I don't want them to worry, but OTOH I just can't have my child baptised into a faith that condemns a lot of things I feel are basic human rights.
I think putting it off for a few months, as suggested, is a good starting tactic. Then we can see how much it bothers them and plan accordingly.
We haven't had our dd's christened. I went to Church and Sunday School since being a tot, and then onto 2 C of E Schools, Secondary very strict, letter of recomendation from the Vicar etc. DH really is a total non believer and I haven't stepped foot in a Church (apart from Weddings and Funearals) since I left school. DH said he would go along with it if I felt strongly about Christening them, but I didn't.

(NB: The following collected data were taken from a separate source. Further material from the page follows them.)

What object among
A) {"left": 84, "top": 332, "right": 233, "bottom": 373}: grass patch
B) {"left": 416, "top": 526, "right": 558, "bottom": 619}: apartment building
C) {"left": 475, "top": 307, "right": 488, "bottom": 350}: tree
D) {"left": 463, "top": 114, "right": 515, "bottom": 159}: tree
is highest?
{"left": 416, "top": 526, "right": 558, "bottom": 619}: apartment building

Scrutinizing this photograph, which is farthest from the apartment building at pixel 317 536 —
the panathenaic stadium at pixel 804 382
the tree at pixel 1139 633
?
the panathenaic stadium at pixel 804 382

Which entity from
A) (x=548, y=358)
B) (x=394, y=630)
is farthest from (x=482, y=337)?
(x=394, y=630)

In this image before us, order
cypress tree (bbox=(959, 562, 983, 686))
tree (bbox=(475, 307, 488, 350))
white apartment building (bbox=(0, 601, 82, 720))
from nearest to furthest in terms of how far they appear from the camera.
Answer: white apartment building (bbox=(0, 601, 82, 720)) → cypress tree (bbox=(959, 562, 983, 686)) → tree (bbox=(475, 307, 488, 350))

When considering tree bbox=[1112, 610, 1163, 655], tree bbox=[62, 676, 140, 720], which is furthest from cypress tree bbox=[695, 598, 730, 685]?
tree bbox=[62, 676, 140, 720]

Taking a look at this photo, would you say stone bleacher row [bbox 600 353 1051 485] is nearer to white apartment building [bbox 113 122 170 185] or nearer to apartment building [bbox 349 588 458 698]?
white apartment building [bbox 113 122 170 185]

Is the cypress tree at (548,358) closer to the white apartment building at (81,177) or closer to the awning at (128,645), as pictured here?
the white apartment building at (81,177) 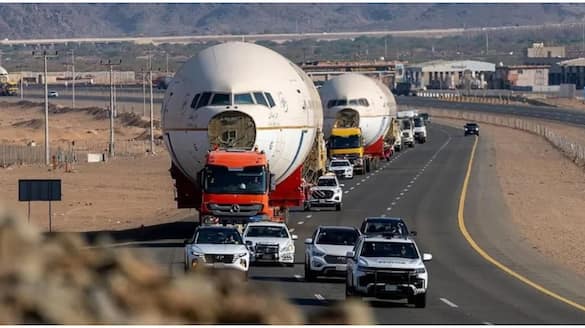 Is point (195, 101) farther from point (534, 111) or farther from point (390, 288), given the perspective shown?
point (534, 111)

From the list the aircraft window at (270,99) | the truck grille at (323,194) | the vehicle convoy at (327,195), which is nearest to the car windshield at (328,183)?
the vehicle convoy at (327,195)

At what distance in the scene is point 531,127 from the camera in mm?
150000

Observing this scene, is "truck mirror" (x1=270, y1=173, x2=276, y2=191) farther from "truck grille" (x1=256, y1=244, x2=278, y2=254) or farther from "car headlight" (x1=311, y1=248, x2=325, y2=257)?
"car headlight" (x1=311, y1=248, x2=325, y2=257)

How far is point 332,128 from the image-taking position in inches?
3059

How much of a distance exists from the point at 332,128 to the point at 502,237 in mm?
31596

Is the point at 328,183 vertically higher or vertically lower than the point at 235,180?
lower

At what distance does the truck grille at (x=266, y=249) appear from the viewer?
118 feet

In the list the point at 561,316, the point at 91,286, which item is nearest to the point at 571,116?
the point at 561,316

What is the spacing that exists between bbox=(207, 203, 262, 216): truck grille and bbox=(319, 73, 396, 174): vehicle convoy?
37681 mm

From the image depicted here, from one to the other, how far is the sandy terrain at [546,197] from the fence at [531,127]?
85 cm

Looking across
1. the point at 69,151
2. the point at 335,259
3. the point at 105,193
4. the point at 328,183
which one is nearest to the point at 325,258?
the point at 335,259

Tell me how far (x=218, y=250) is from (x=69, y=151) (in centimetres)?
7180

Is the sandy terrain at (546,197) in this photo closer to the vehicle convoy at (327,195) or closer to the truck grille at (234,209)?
the vehicle convoy at (327,195)

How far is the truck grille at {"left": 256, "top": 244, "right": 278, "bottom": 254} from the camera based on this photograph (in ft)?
118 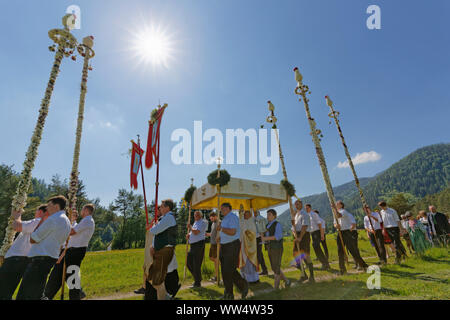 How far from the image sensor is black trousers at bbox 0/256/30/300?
12.7ft

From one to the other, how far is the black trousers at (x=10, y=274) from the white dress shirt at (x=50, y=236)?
0.69 meters

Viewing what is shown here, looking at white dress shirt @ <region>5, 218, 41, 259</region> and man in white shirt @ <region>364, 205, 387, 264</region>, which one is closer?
white dress shirt @ <region>5, 218, 41, 259</region>

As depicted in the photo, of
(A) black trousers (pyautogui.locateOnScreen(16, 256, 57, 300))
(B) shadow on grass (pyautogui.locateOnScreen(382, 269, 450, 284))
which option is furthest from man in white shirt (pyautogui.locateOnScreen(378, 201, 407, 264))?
(A) black trousers (pyautogui.locateOnScreen(16, 256, 57, 300))

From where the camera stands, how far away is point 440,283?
17.3 feet

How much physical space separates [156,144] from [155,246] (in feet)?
9.57

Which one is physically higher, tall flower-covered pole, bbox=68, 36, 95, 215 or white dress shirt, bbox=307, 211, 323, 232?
tall flower-covered pole, bbox=68, 36, 95, 215

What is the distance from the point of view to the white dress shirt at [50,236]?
12.0 feet

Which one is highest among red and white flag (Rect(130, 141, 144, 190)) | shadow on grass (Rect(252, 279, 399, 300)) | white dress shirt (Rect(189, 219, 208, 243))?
red and white flag (Rect(130, 141, 144, 190))

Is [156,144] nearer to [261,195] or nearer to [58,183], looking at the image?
[261,195]

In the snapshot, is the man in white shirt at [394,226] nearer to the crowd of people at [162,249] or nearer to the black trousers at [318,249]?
the crowd of people at [162,249]

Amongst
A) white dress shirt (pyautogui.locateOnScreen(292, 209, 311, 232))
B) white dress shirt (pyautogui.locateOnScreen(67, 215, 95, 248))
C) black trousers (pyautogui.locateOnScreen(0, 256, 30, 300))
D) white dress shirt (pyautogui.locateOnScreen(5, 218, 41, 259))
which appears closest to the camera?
black trousers (pyautogui.locateOnScreen(0, 256, 30, 300))

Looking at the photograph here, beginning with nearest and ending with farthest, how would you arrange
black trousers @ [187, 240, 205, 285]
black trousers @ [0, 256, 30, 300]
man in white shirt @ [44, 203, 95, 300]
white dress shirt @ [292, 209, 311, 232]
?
black trousers @ [0, 256, 30, 300] → man in white shirt @ [44, 203, 95, 300] → white dress shirt @ [292, 209, 311, 232] → black trousers @ [187, 240, 205, 285]

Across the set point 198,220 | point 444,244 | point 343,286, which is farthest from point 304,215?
point 444,244

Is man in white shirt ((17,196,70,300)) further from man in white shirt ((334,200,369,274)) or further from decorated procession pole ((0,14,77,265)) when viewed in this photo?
man in white shirt ((334,200,369,274))
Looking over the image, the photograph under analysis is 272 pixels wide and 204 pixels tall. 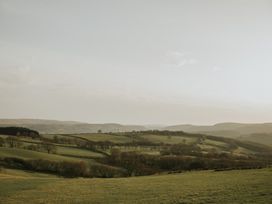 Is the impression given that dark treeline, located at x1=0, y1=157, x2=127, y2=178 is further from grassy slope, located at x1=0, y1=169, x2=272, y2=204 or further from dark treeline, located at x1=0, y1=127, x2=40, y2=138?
dark treeline, located at x1=0, y1=127, x2=40, y2=138

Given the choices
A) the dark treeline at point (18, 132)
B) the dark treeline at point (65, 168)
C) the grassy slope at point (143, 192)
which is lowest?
the dark treeline at point (65, 168)

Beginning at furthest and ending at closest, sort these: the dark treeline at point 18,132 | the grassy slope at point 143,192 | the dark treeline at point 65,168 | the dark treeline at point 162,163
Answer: the dark treeline at point 18,132
the dark treeline at point 162,163
the dark treeline at point 65,168
the grassy slope at point 143,192

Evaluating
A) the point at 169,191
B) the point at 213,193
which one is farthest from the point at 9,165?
the point at 213,193

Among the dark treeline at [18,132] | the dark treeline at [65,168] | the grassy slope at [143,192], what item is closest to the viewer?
the grassy slope at [143,192]

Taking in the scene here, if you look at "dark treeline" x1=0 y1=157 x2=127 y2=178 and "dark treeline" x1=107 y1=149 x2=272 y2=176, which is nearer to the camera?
"dark treeline" x1=0 y1=157 x2=127 y2=178

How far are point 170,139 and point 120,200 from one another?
462ft

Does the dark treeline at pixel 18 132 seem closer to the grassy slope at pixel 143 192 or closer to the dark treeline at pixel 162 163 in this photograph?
the dark treeline at pixel 162 163

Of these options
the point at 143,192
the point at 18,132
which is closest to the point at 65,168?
the point at 143,192

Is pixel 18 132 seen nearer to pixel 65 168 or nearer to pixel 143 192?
pixel 65 168

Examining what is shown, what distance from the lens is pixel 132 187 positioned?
144ft

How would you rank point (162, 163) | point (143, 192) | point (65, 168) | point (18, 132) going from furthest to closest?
point (18, 132) < point (162, 163) < point (65, 168) < point (143, 192)

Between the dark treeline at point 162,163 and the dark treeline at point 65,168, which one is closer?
the dark treeline at point 65,168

I have talked to dd1 about Jesus around Christmas, and she now knows the Christmas Story, but thats all, if they want religeon to have a part in their lives when they are older they will both be free to do so.
Our family and friends knew how DH felt before we had children, we were married in a Country House, and he had to sadly turn down the chance of being godfather to his best friends son, as he couldn't stand up in Church and promise things he dosen't believe in.
I would also feel like a bit of a hypocrite, as I don't intend to start going back to Church, for no particullar reason, and I couldn't do it just to make others happy, they have to respect your wishes for your family.
we had pressure to 'do' dd too, she is now 1omths old and Ive just let the whole issue drift away, Im just not mentioning it....
I will be working every sunday and a couple of weeknights so it isnt feasible to stert attending church, for if I did get her christeneed I prob. would like to follow it up with sunday school,#anyway, hopefully everyone else will just forget too!
I find it incredibly hypocrytical when people get married in a church or christen their children etc and they either don't 'believe' or don't keep their vows iyswim? I'm not religious in the slightest, and wasn't christened, neither were my sisters. My mum was bought up in a strong catholic family and was pressurised into having a catholic wedding by her mum etc. My dad isn't religious in the slightest either.
My mum always wanted us to be able to make our own decisions, if we chose to get christened when we were older that was our decision but she didn't want to be the one making it for us and I thank her everyday for it! The pressure from her family has almost driven her away from the faith she was bought up in and isn't religious at all any more.
My baby is due in less than 2 weeks and no way will I be getting her christened. My mums family will just hve to accept that, it is my baby - not their's. I do think however that it is a lovely idea to have a big family celebration for a new baby. So instead of a religious ceromony I am having a 'Welcome to the World' party for my little girl at the begining of July. Family and close friends all coming for a big bbq, lots of cake and a snuggle of the baby. Can't wait and will be getting a special photo album just for that day to put all the pictures in
Neither of my children have been baptized. I'm C of E by upbringing and H is a lapsed Catholic. We both decided that the boys could decide later in life if they wanted religion in their lives or not. They are your children - your decision IMO.